Хороший дом, нет – отличный дом, нет, самое главное – любимый дом!». [29]

Перед этим домом блокадной сентябрьской ночью 1941 года стояла вместе с тихой старушкой-дворничихой Машей 31-летняя поэтесса Ольга Берггольц, самая известная жительница «Слезы социализма». В убийственной тишине осажденного города, обреченного на голод и обстрелы, девушка, ставшая голосом блокадного Ленинграда, вспоминала беззаботную молодость, проведенную здесь.

22-летняя Ольга, недавно окончившая филологический факультет ЛГУ и работавшая в тот момент редактором в газете завода «Электросила», переехала в квартиру № 30 в 1932 году совместно с мужем, 23-летним журналистом Николаем Молчановым и 4-летней дочерью от первого брака Ириной. Первые годы жизни в этих стенах в профессиональном плане были для независимой Ольги, окунувшейся в новый быт по заветам Коммунистической партии, успешными – поэтесса выпустила несколько книг стихотворений и рассказов, ее приняли в Союз писателей, и, наконец, к Ольге пришла известность «взрослого» автора (до этого Берггольц работала в детских издательствах).

29

Берггольц О. Собр. соч. Т. 3.

Однако вскоре, вместе с разочарованием в давившем своей коммунальностью и дискомфортом доме, Ольга встретила долгие годы ожидавших ее впереди сменяющих одна другую трагедий.

Сначала, в 1933 году, умирает ее годовалая дочь Майя, которую литераторы растили именно здесь, меняя пеленки на подоконниках, в не приспособленной для молодой семьи «конуре». Через три года ангина, давшая осложнения на больное сердце, уносит 7-летнюю Ирину. Одновременно с этим по ложному обвинению в антисоветской деятельности арестовывают ее первого мужа, поэта Бориса Корнилова, а затем и ее – сначала призывают свидетельницей по делу Авербаха, включенного в печально известный расстрельный сталинский список высокопоставленных сотрудников НКВД, а затем арестовывают по делу «Литературной группы» на основании выбитых у ее бывших коллег показаний, назвавших под пытками ее имя среди членов никогда не существовавшей террористической организации. В допросах и побоях этих месяцев беременная Ольга потеряла сначала одного ребенка, а затем родила мертвым второго.

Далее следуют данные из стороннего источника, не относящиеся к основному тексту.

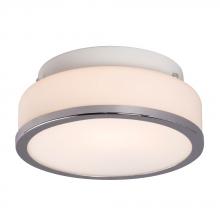  613531CH-113EB - Flush Mount Ceiling Light - in Polished Chrome finish with White Glass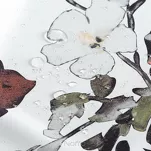 Zasłona na taras 155x200 GARDEN 21 w tunelu biała z pomarańczowym wzorem kwiatowym wodoodporna - 6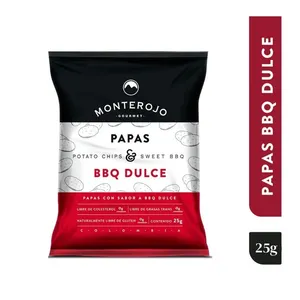 Papas monterojo gourmet sal bbq dulce x 25 grs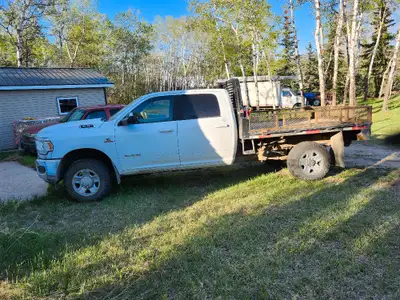 For Sale 2021 Ram 3500 Crew Cab Truck with 2024 Double A Trailers, Channel 7" by 8.5" Truck Deck wit...
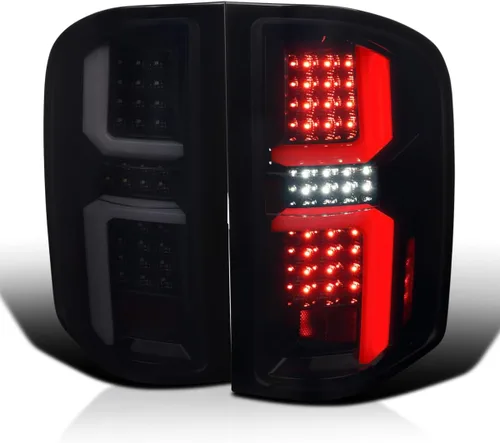Miniatura 12 de SPEC-D TUNING Luces traseras LED rojas con barras de luz LED compatibles con Chevy Silverado 2007-2013 1500/2500HD/3500HD, montaje de par izquierdo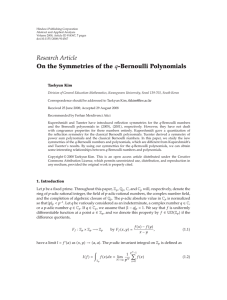 Hindawi Publishing Corporation Abstract and Applied Analysis Volume 2008, Article ID 914367, pages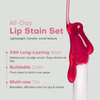 bayfree Lip Tint Stain Set, 3 PCS Korean Water Tint Lightweight Non-sticky, Waterproof Long Lasting Liquid Blush & Lip Stain, Transfer-Proof, Matte F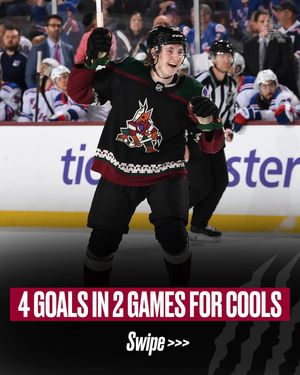 Image post by @arizonacoyotes on Instagram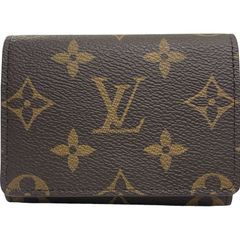 Louis Vuitton カードケース アンヴェロップ･カルト ドゥ ヴィジット M63801 RFIDタグ【新品】12501K311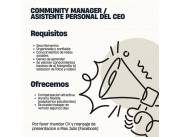 Community manager / asistente personal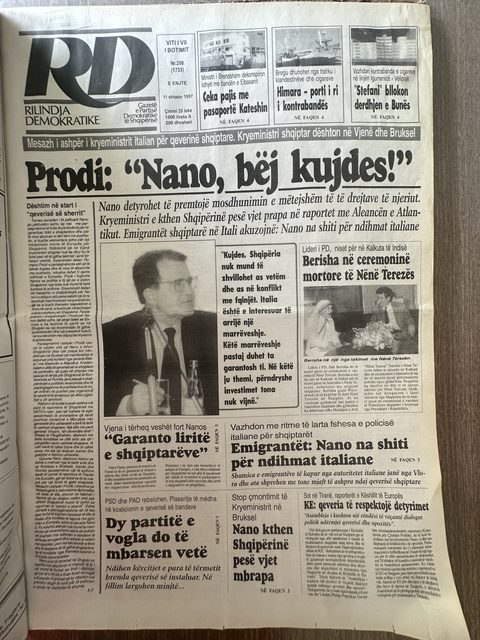 Rilindja Demokratike 1997-09-11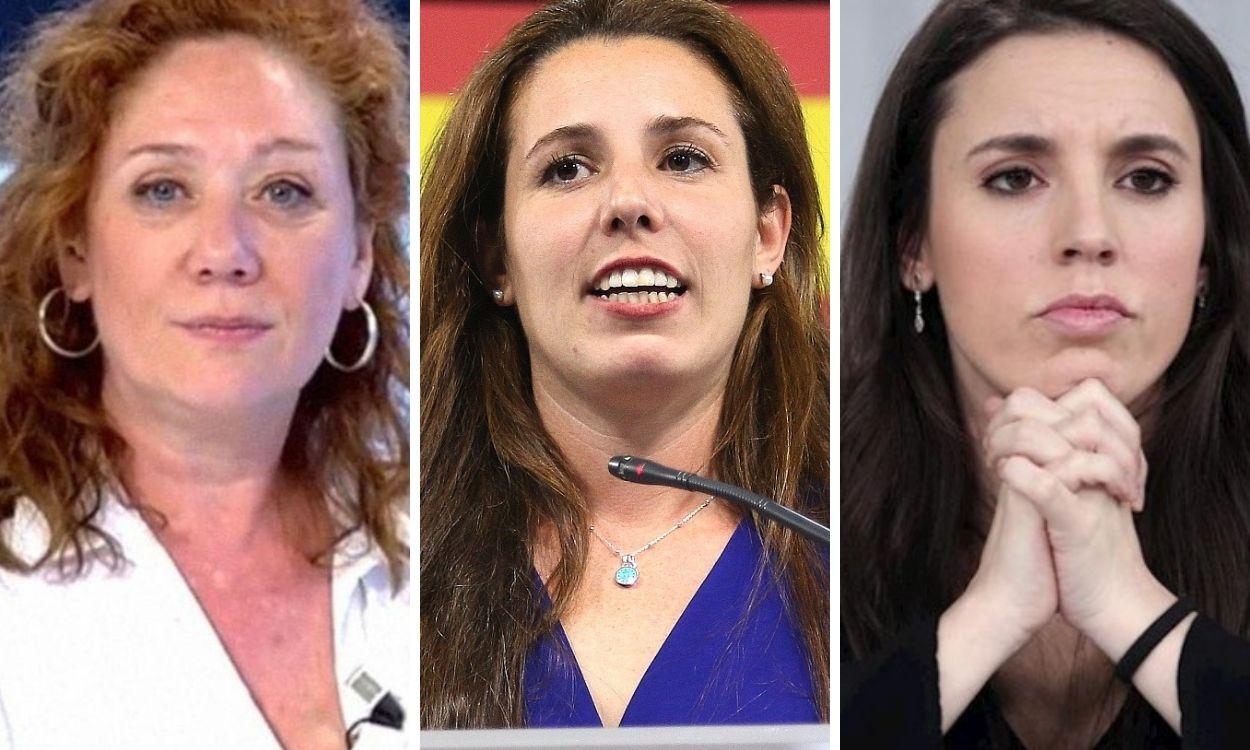 Cristina Fallarás, Rocío de Meer e Irene Montero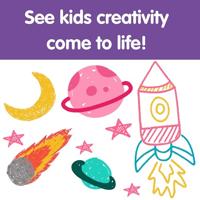 Jumbo water magic - space kleurboek - thumbnail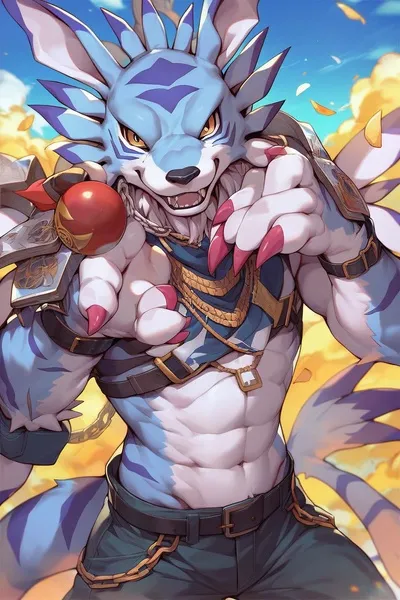 機械加魯魯獸 背景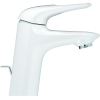 Mezclador monomando de lavabo GROHE Eurostyle 33558, tamaño S, desagüe extraíble, grande. luna blanca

Бориса Корнилова тем временем расстреляли.

Вернувшись в этот дом из тюрьмы в 1939 году реабилитированная поэтесса, сказав: «Вынули душу, копались в ней вонючими пальцами, плевали в нее, гадили, потом сунули обратно и говорят: живи!» [30] , вступила в Коммунистическую партию и попыталась снова начать «жить». Не тут-то было – за частными трагедиями Берггольц последовала общая, глобальная – Великая Отечественная война.

<…>А в доме, где жила я много лет,откуда я ушла зимой блокадной,по вечерам опять в окошках свет [31] .<…>

30

Соколовская Н. Ольга. Запретный дневник.

31

Берггольц О. Мой дом.

Потеряв умершего во время блокады мужа Николая, работавшего в Публичной библиотеке и раненного при бомбардировке города во время дежурства на крыше, и отца, высланного из города за отказ стать осведомителем, Ольга, ставшая голосом осажденного города, поддерживавшая своими стихами несломленный дух ее страдавших от голода соотечественников, голосом, доносившимся из рупоров во время бомбежек, покинула этот любимый дом несмотря на все горе, что она здесь пережила.

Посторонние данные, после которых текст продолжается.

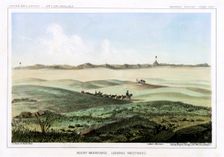 The Rocky Mountains, looking westward, USA, 1856.Artist: John Mix Stanley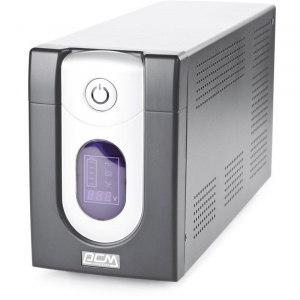 UPS PowerCom IMD-1000AP 1000VA/550W Line Interactive, AVR, LCD, RJ45/RJ11, USB, 3xSchuko Sockets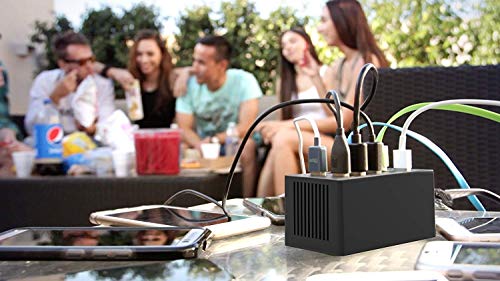 SABRENT 60W 10-Port USB Charging Station, Auto-Detect (AX-TPCS) - size: 10-Port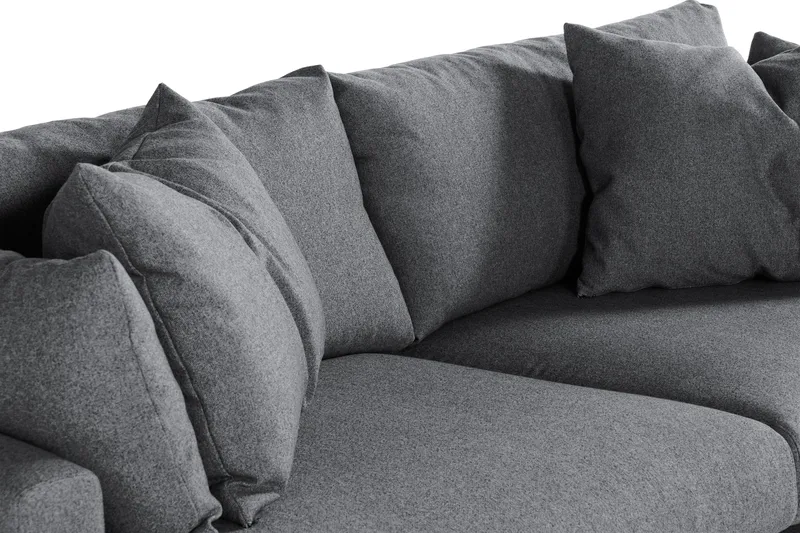 Menard Sohvaryhmä 4-istuttava + 4-istuttava Kangassohva - Tummanharmaa - Huonekalut - Sohva - Sohvaryhmä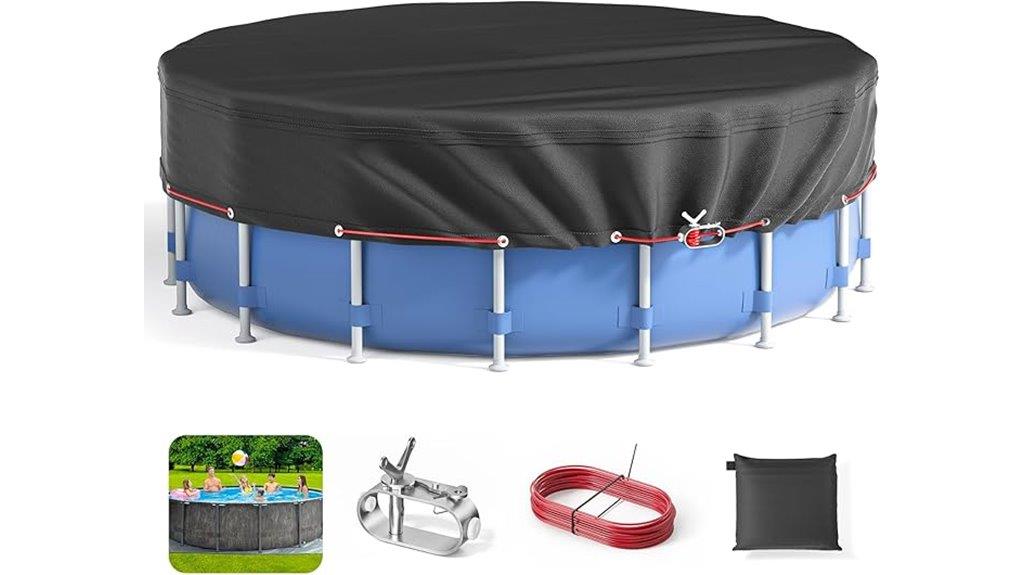 18 foot above ground pool cover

Нет, я не знаю, кто живет теперьв тех комнатах, где жили мы с тобою,кто вечером стучится в ту же дверь…<…>Но этих окон праздничный уюттакой забытый свет в сознанье будит…<…>Я так хочу, чтоб кто-то был счастливымтам, где безмерно бедствовала я [32] .< >

32

Берггольц О. Мой дом.

Литература

Авербах, Леопольд Леонидович // Российская историческая энциклопедия: в 18 т. / ред. А. Чубарьян. Т. 1. М., 2015.

Башурова О.А. Молчанов Николай Степанович // Сотрудники РНБ – деятели науки и культуры: биографический словарь. Т. 3: Гос. публ. б-ка в Ленинграде – Гос. публ. б-ка им. М.Е. Салтыкова-Щедрина. 1931–1945. СПб.: [Изд-во РНБ], 2003.

Берггольц О. Борис Корнилов. 1907–1938. Продолжение жизни // Русские поэты: антология. Т. 4. М., 1968.

Берггольц О. Ленинградская поэма: поэмы, стихотворения. Л., 1976.

Берггольц О. Собр. соч. Т. 3. М., 1973.

Берггольц О.Ф. Мой дневник. Т. 1: 1923–1929. М., 2016; Т. 2: 1930–1941. М., 2017.

Быкова Г.Д. Андрей Оль. Л., 1976.

Соколовская Н. Ольга. Запретный дневник. СПб., 2010.

Особняк Набоковых

(1902 г. архитекторы М.Ф. Гейслер, Б.Ф. Гуслистый; Большая Морская ул., 47)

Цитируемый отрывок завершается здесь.